About day four of our Croatian adventure, our ship captain Matko said “You know, I’d like to take you guys to a place where I spent my childhood. Sort of a second home.”
When you’re in close quarters, you really do learn a lot about people. Fortunately none of us had killed each other but we also had a Croatian for ballast. With Matko, he had a special set of people skills a ship captain would need to have. Matko had ceased being a ship captain and became our friend. And it wasn’t hard: he was quite charming and disarming but also honest.
Matko started to share with us his viewpoint of the war. Being a kid himself, he was playing with friends one day when the Serbians roll up outside of Dubrovnik with their large cannons and tanks. He thought it was just a military exercise until planes started bombing the city that night. When the planes stopped the cannons started. The shelling continued for nearly a day before the city finally surrendered.
From there, madness that could only be brought by war ensued. The Serbians saw fit, for some reason, to poison the city’s water supply as well. Before the word got out, Matko’s father had drank some of this water requiring 3 feet of his intestine to be removed.
Being American, we’re lucky to have never experienced war being brought to our shores.
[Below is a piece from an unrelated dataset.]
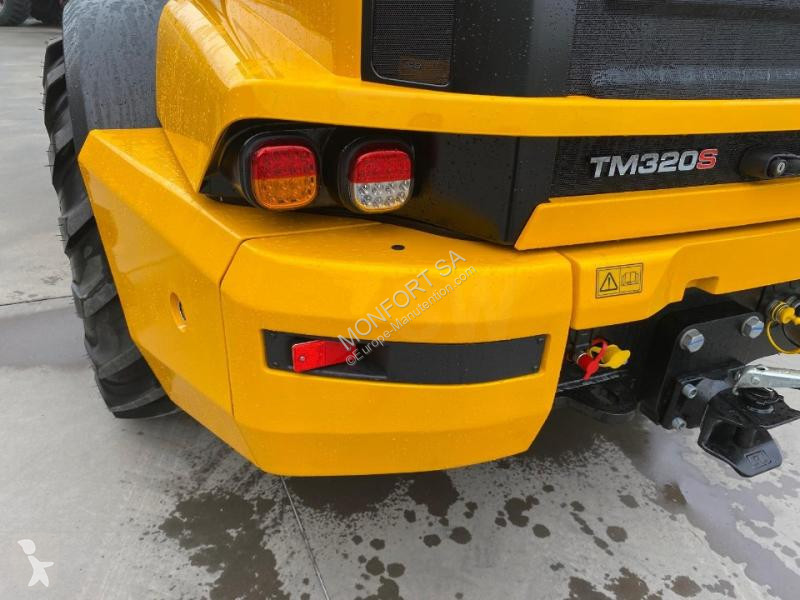 Teleskopisk truck JCB S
Geographically, that would be hard to do. But when your immediate neighbor has more military might, and no wisdom, it’s not hard to imagine jealousy would follow and the age-old battle for territory would ensue.
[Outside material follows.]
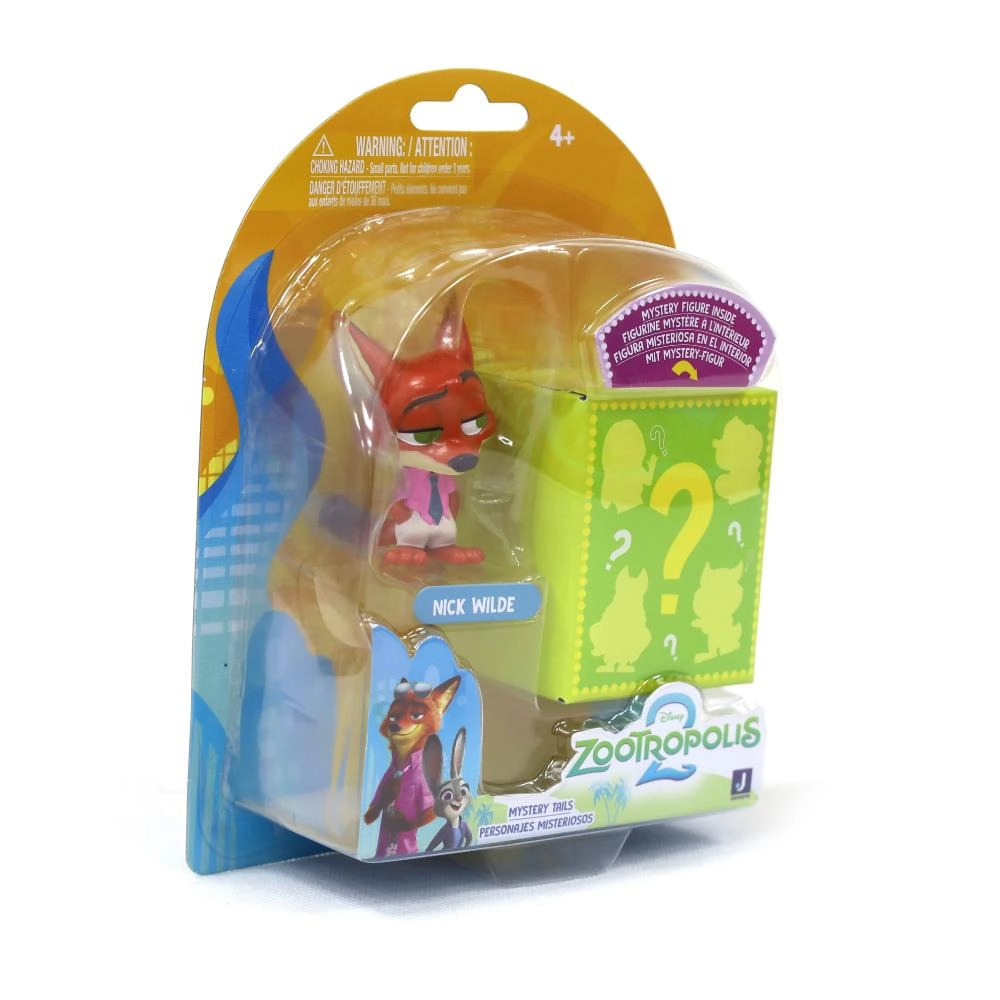 Zootropolis 2 - Nick Wilde + Mystery Figure (527-ZOTP0059_ZOTP0048) 2 pcs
At this point in the story, Matko took a long hit off his cigarette and stared off into the mountains. His family fled Dubrovnik. The only way to evade the snipers hiding in the mountains was to drive fast, with no headlights, down the roads that were completely engulfed in the blackness of night. Once they had made it safely away from the city, their lives returned to a semi-normal state until the Serbians were forced out. Then came the rebuilding.
The entrepreneurial spirit and strong work-ethic turns this tiny country into a cash machine. Since the only tax is a 22% VAT tax, the entire country pretty much runs on a cash-system. Pay cash, no receipts, no tax. This makes Croatia’s neighbors slightly jealous. And after each invasion, the people find themselves once again rebuilding their country and their lives.
Matko’s story is just one of thousands, told by the survivors of the war. People who can remember and were affected often have a sad look in their eyes, even though the war ended nearly a decade ago. But life must go on and each recognizes they can wallow in sadness or improve their situation. Fortunately most have elected to improve their situation such as our boat captain.